2. Deciding Together
You can’t fight the world alone – if you want to save your relationship against all odds, the fight has to come from the both of you. If you want to go to a couples counsellor but your partner doesn’t, you need to find an alternative solution.
If you’re the only one who decides your union is worth saving, then be prepared for some serious heartbreak. You and your partner must feel the same way in terms of fighting for the relationship.
Things get real when you have to make compromises to make your partner happy. Humans are naturally selfish and it can be difficult to think about people when they’ve been in your life for a long time. While you want to play basketball with your friends every night until you’re so exhausted all you want to do is take a shower and go to bed, you also have to think about your spouse or partner who’s waiting for you at home.
Making compromises to meet each others’ needs is one of the biggest steps to saving your relationship.

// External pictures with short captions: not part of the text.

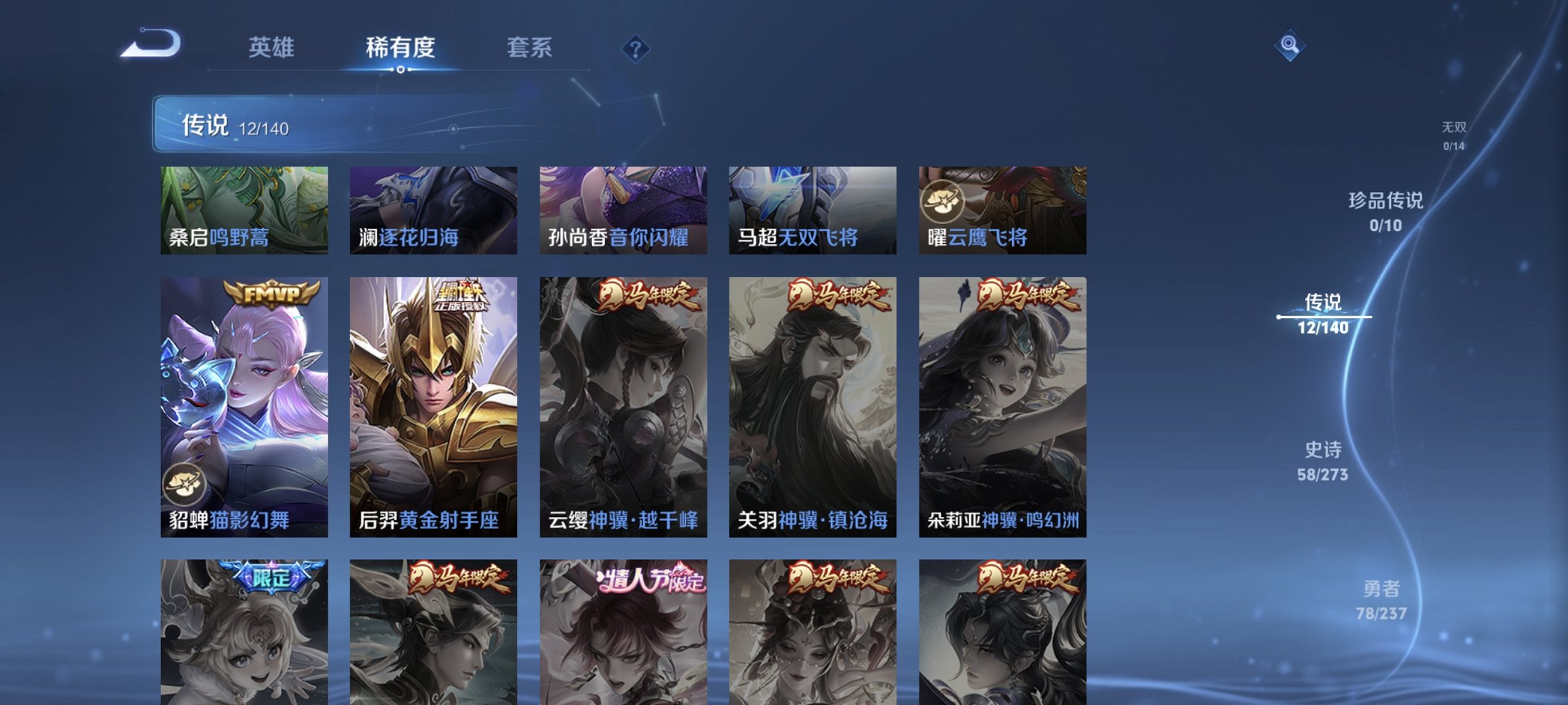 WZCMW4163133王者荣耀账号详情图6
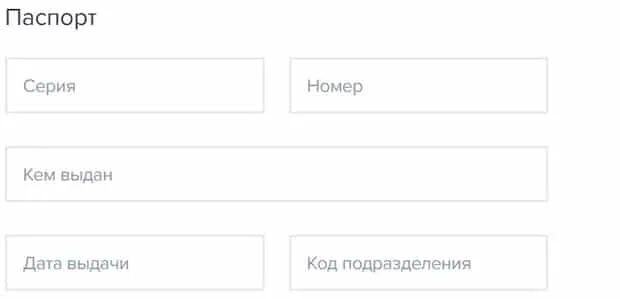 gazprombank.ru қайта қаржыландыруды рәсімдеу
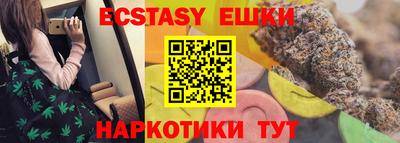 кокс Ковров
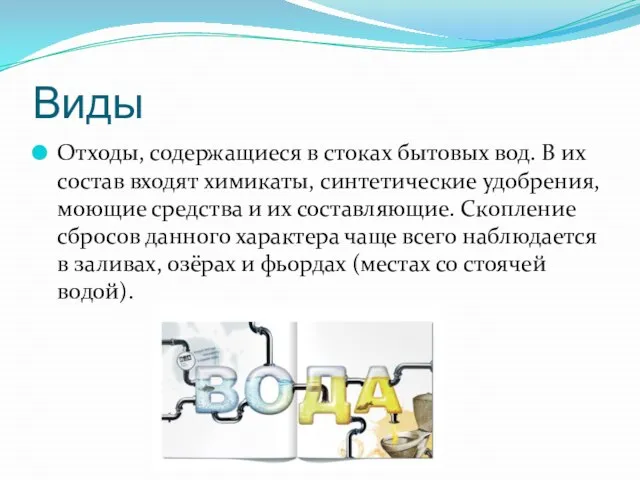 Виды Отходы, содержащиеся в стоках бытовых вод. В их состав входят химикаты,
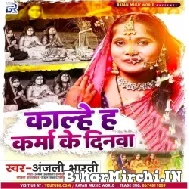 Kalhe Ha Karma Ke Dinwa (Anjali Bharti)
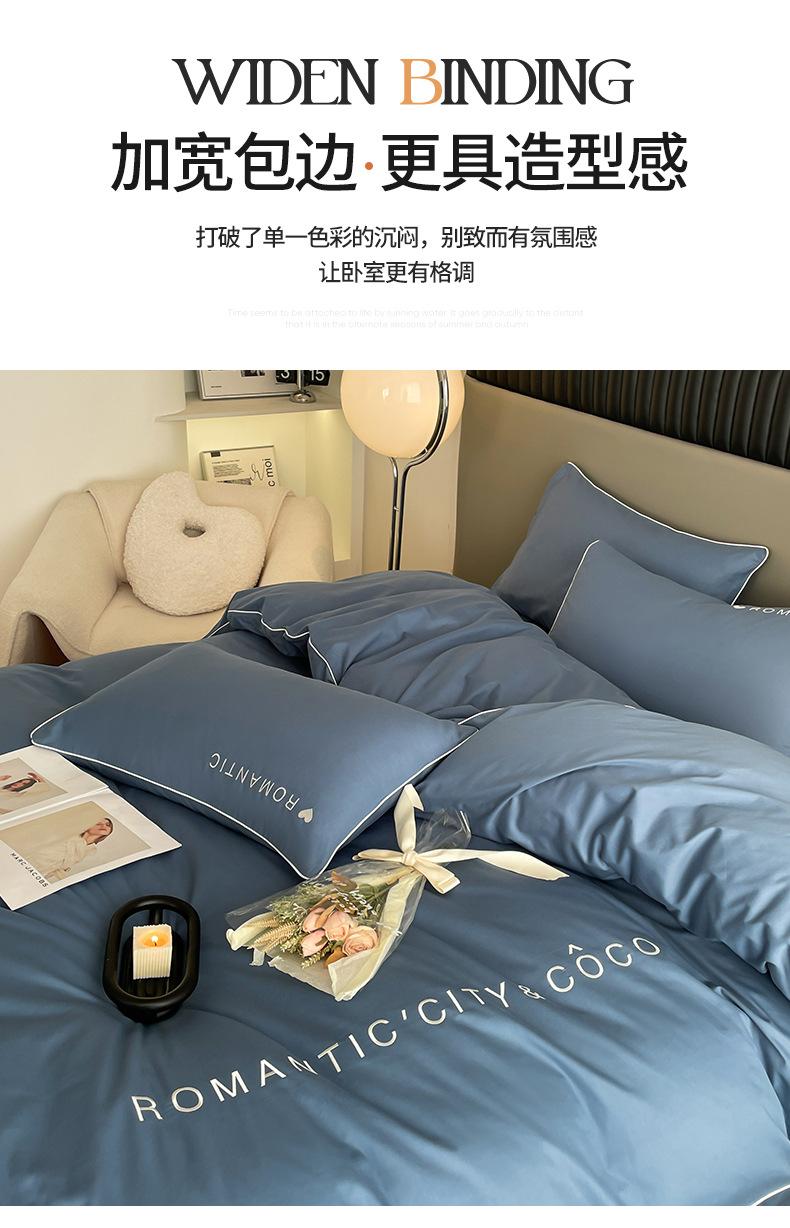 详情图16.jpeg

4. Remember, Remember, Remember
Do you have pictures of your good old days? Is the restaurant where you had your first day still open? And do you still have that outfit you wore the night that you both fell in love with each other? Then get those photos out and reminisce, go back to that restaurant, and wear that special outfit on your date night.
Remembering how you fell in love and why you even fell for your partner is an excellent way to bring back the spark.
5. In With the New
You may go to yoga class together, but it’s now become dull and mundane. Do something that the both of you have never done before. Plan to take tango dance classes even though the both of you have two left feet. Or take a Thai cooking class when both of you hate spicy food. Explore new experiences and get to know each other once again. You might even fall in love for the second time around – but still with your partner.
6. Romantic Gestures
You can’t be romantic if you still have resentments over your partner’s wrongdoings. So before you even think about going to that tropical island or booking a suite at a luxury hotel, make sure all your baggage are left behind.
You have to make sure that you’ve done your self-evaluation, that you’ve both decided to make it work, that you’ve agreed on compromising, that you’ve remembered why you fell in love, and that the spark has rekindled. Without these steps, it will be very hard for you to be romantic with your partner.
And once you’ve forgiven, make that plan to go out of town, and make small romantic gestures every single day. It can be as simple as a post-it note saying “I love you,” or as elaborate as 100 roses delivered to your spouse’s office.
Saving a relationship takes more than one person – the effort has to come from both parties and both have to decide to make it work despite everything. Take these tips on how to save a relationship and hopefully have the relationship that lasts a lifetime.